WHAT IS REQUIRED: Search the material below for the string "property" and list each line that holds it.

INFORMATION:
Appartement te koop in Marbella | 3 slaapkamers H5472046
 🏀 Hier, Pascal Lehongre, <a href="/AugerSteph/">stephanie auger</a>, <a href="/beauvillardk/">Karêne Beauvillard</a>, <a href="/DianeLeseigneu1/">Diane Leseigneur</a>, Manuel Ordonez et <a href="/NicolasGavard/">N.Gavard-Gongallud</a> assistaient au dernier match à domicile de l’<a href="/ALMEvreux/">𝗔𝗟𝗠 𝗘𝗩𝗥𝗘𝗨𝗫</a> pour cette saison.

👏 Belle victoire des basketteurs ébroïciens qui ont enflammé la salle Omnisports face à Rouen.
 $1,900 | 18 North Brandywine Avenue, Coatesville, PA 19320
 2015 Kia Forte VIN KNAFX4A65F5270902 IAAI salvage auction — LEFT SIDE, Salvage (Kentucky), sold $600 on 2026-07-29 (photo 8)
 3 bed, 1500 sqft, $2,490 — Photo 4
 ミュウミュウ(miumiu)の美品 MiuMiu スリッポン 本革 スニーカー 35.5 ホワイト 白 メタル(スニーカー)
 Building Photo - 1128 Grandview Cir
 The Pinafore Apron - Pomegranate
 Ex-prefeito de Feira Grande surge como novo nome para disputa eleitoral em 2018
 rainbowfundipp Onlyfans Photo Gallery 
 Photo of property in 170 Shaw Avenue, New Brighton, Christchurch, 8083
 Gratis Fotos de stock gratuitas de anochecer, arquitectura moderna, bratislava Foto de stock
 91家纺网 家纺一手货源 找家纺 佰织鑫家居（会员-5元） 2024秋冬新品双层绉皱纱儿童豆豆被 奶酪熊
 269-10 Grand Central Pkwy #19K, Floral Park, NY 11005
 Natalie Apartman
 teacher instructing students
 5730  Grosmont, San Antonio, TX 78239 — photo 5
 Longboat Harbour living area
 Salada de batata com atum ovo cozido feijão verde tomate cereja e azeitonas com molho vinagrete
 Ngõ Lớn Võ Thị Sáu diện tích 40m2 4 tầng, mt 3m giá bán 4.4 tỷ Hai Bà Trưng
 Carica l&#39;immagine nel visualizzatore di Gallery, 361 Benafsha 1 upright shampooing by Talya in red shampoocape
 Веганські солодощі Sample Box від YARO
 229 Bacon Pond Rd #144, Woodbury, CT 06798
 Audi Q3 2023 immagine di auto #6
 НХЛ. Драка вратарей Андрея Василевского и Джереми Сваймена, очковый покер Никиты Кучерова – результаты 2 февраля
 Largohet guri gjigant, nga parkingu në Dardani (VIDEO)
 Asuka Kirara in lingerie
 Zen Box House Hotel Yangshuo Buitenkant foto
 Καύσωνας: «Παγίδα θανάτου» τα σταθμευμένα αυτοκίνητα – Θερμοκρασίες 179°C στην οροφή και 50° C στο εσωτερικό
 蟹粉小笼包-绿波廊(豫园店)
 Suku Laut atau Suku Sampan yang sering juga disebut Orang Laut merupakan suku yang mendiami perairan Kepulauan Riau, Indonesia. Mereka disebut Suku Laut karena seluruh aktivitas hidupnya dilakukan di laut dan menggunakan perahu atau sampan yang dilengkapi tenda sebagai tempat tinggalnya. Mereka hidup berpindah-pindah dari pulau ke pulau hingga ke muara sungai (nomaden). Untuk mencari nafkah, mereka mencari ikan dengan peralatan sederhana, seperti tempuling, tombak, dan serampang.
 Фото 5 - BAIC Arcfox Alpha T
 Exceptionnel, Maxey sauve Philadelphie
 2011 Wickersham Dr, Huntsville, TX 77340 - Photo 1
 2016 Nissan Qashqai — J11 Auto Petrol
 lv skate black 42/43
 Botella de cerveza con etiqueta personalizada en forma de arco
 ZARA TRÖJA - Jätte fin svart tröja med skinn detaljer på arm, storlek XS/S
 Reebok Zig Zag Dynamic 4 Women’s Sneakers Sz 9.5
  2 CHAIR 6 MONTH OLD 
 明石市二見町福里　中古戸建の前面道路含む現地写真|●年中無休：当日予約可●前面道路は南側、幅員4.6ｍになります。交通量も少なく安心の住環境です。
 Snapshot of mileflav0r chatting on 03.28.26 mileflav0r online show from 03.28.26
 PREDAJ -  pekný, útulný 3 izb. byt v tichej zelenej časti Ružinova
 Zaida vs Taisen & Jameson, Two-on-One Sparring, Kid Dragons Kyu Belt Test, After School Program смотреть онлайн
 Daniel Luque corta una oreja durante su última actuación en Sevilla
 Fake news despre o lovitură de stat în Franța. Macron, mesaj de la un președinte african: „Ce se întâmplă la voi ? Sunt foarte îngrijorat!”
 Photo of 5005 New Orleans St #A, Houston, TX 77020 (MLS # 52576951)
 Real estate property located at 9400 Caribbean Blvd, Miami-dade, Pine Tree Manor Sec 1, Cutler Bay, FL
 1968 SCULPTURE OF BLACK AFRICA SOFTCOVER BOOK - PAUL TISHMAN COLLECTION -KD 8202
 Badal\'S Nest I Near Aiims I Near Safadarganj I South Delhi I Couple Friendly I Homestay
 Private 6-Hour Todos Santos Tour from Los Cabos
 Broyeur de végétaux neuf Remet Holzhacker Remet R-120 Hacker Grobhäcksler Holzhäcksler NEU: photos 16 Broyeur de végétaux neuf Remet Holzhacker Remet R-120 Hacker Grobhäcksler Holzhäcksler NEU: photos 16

ANSWER SPACE:
 Photo of property in 170 Shaw Avenue, New Brighton, Christchurch, 8083
 Real estate property located at 9400 Caribbean Blvd, Miami-dade, Pine Tree Manor Sec 1, Cutler Bay, FL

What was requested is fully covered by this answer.